◆ **REQUIRED ACTION**:
Your answer should reproduce the full set of records exactly as given.

◆ **SUPPLIED DATA**:

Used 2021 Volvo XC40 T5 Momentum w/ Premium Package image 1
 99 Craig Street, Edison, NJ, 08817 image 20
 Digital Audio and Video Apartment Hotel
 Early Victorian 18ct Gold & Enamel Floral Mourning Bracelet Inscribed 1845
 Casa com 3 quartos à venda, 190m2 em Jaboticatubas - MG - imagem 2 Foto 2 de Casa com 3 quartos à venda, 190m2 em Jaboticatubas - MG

◆ **EXERCISE OUTPUT**:
Used 2021 Volvo XC40 T5 Momentum w/ Premium Package image 1
 99 Craig Street, Edison, NJ, 08817 image 20
 Digital Audio and Video Apartment Hotel
 Early Victorian 18ct Gold & Enamel Floral Mourning Bracelet Inscribed 1845
 Casa com 3 quartos à venda, 190m2 em Jaboticatubas - MG - imagem 2 Foto 2 de Casa com 3 quartos à venda, 190m2 em Jaboticatubas - MG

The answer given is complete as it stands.